Le Pr Shanda Tonme n’est fendu d’un hommage repris par le confrère Actu Cameroun qui change le regard sur David Nkoto Émane qui serait un grand gestionnaire
Le danger qui nous guette dorénavant et qui risque non seulement de compromettre notre destin en tant que nation unie, mais plus grave de fracturer radicalement tous les rapports humains dans notre société, c’est la prolifération d’un discours accusateur aveugle qui ne laisse la place à aucune réserve ni modération. Ce discours construit une ingratitude chronique qui secrète le négationnisme sur toutes les réalisations, sur des compétences pourtant avérées.
Rien n’est fait et rien n’a jamais été fait, tout est mauvais et tout le monde est pourri. Et pourtant, même chez le plus grand diable, on trouvera un espace vivable, et que même dans le terrible des tsunamis, on dénichera une âme vivante, une respiration, une digue debout, une bouée de sauvetage, une aiguille utile et salvatrice symbole d’une œuvre humaine relativement forte et digne. Il y partout et dans toutes les circonstances, même les plus désespérées, un message positif pour la postérité.

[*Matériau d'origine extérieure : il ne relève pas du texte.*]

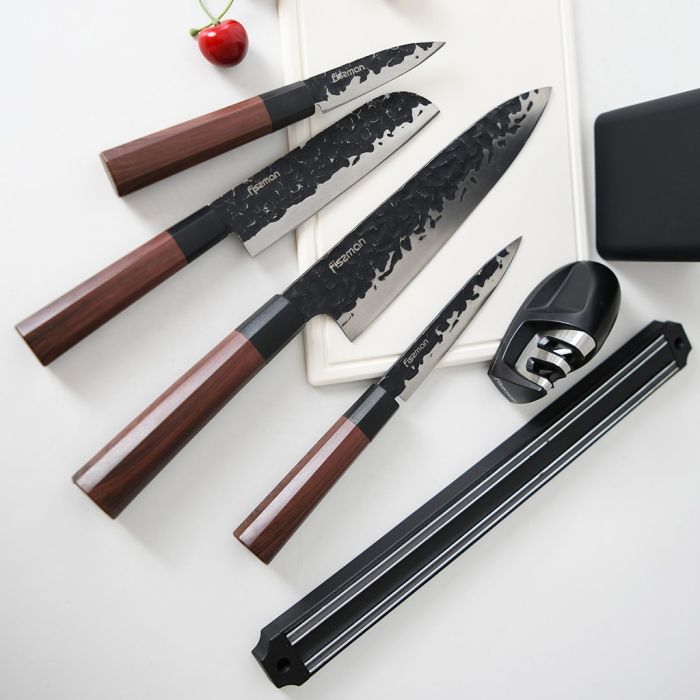 Fissman 2703 knife set 6pcs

Peu de nos compatriotes y compris de très hauts responsables, connaissent l’histoire de la fibre optique qui fait aujourd’hui la fierté de notre pays, et nous met dans une position de force presque exceptionnelle, non seulement vis-à-vis de nos voisins immédiats mais mieux par rapport aux grandes nations de la planète.
C’est un de ces heureux hasards opportuns pour l’ordonnancement de l’apaisement et de la compréhension dans les relations humaines de toute nature, qui me gratifie du privilège de me retrouver dans le somptueux bureau du directeur général de CAMTEL d’alors, David Dieudonné Nkoto Emane.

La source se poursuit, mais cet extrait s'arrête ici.